How many times have you put a bowl of soup in the microwave and when it is finished cooking you reach in for the bowl believing it not to be too hot to handle and then quickly realize you were so wrong about that assumption? Then you proceed to run to the table, soup splashing as you scurry, and when you arrive at the table you realize you don’t have a placemat or trivet or pot holder to sit it on. Then you trip over your own feet to get back to your kitchen linen drawer to get something to sit the hot bowl on so you don’t ruin the finish on your tabletop. Heating up that yummy bowl of soup has turned into a dangerous mission. Ah, but there is a solution to this dilemma.
The project du jour is a microwaveable fabric bowl. I found the inspiration here.
It’s such a useful project and I love useful and practical.
I won’t go into a lot of explanation as Karen has given a very good tutorial of construction of the bowl. But I’ll share some of my take-aways.
Take – away #1:
A key point to remember [as mentioned in the tutorial] is to use all cotton fabric and batting. Since you’ll have this in the microwave, you don’t want it to catch fire or melt. I didn’t specifically buy fabric or batting for this project, I just used some scraps I had on hand. It looks like cotton, feels like cotton, laundered like cotton. Let’s hope it is cotton! If you buy supplies to make this project, be sure it is cotton!
Take – away #2:
If you don’t have a walking foot when sewing the X across the square, this might happen. See that little wrinkle.
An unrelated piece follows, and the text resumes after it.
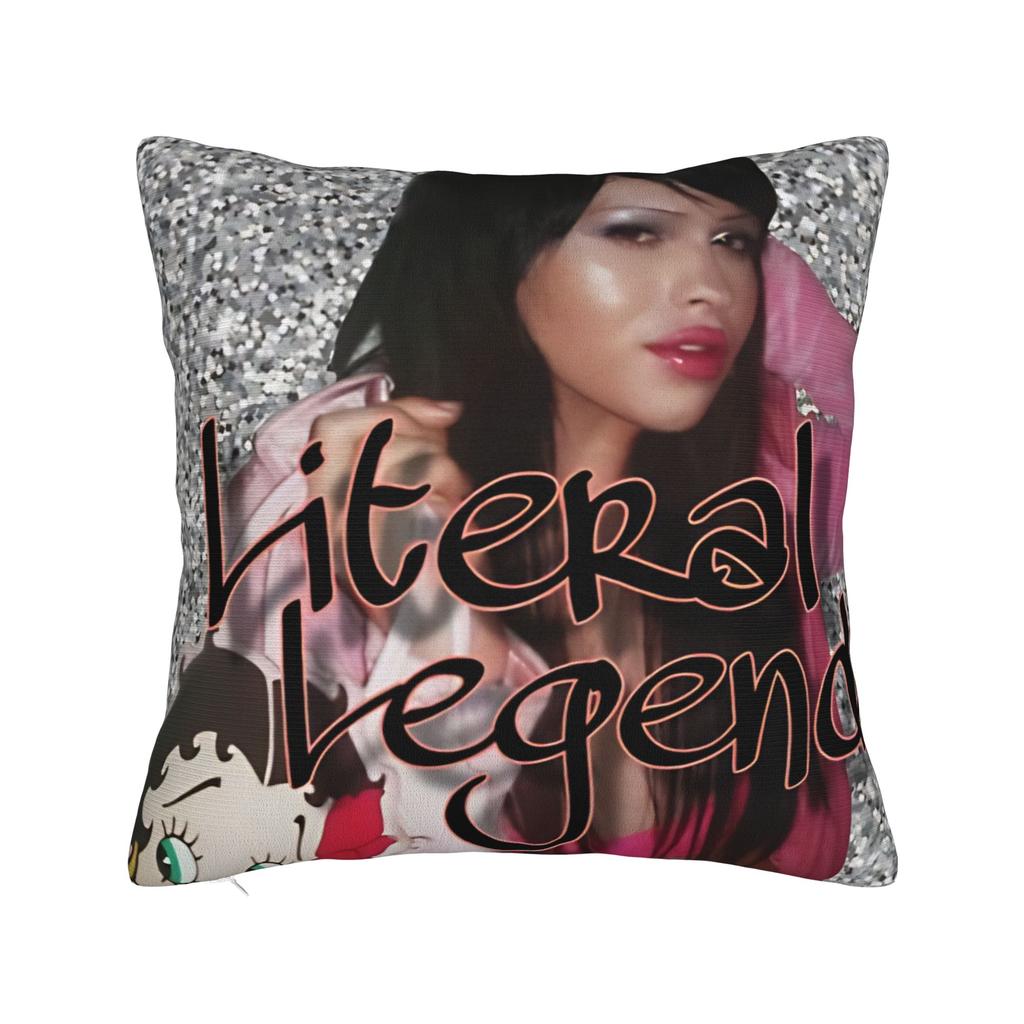 New Singer Slayyyter Merch Pillow Cover Custom Cushion Cover Vintage Pillow Case For Couch Sofa Bedroom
It doesn’t show up in the photo very well, but the tip of the seam ripper in underneath the wrinkle.
So here is what I did to make that not happen. I stitched the second quilting line from the center of the X to the corner and then did the same for the other half. I didn’t quite line my stitch lines up just right.
Take – away #3:
The author of the tutorial does not specify the sizing of her darts to give the fabric the “bowl” shape. From the looks of my bowl, it seemed to have a more narrow bottom than hers, although mine and hers measured at the same size. I pinned the darts before marking and sat my bowl in it to see how it fit. If your bowl is a different size, I surmise that you could do the same to check the fit and make adjustments to the darts accordingly.
Since I wanted a precise measure for each dart for consistency, I made a little dart pattern. I did use the same measure as the author (1 inch across and 2.25 inches down).
For me, it seemed easier to make marking the darts this way. Place the straight side of your pattern along the fold and mark. Now all of my darts will be the same size.
Take – away #4:
Read the directions thoroughly beginning to end before proceeding. I was overly confident. I have a right, don’t I? My goodness, I’ve been sewing since I was a small child which is over 50 years! I should know what I’m doing. Well guess what? Confession time! I goofed and had to start over. You didn’t have to know that but it happens, even to the most seasoned seamstresses. I tell you this so you know we are not perfect. Only One is perfect! Remember that.
Besides I am doing this project to use in my Sewing Ministry class and I look at it from a teacher’s point of view. Any way I can help my students learn, I’m all for it and learning from mistakes can be very effective.
I think this little bowl might make a great gift for a graduate that will soon be going off to college and living in a dorm room and eating lots of soup. You could put it in a cute little gift basket along with some cans of soup, package of crackers, a bowl, spoon, and maybe a gift card to a big box grocery store. What do you think of that idea?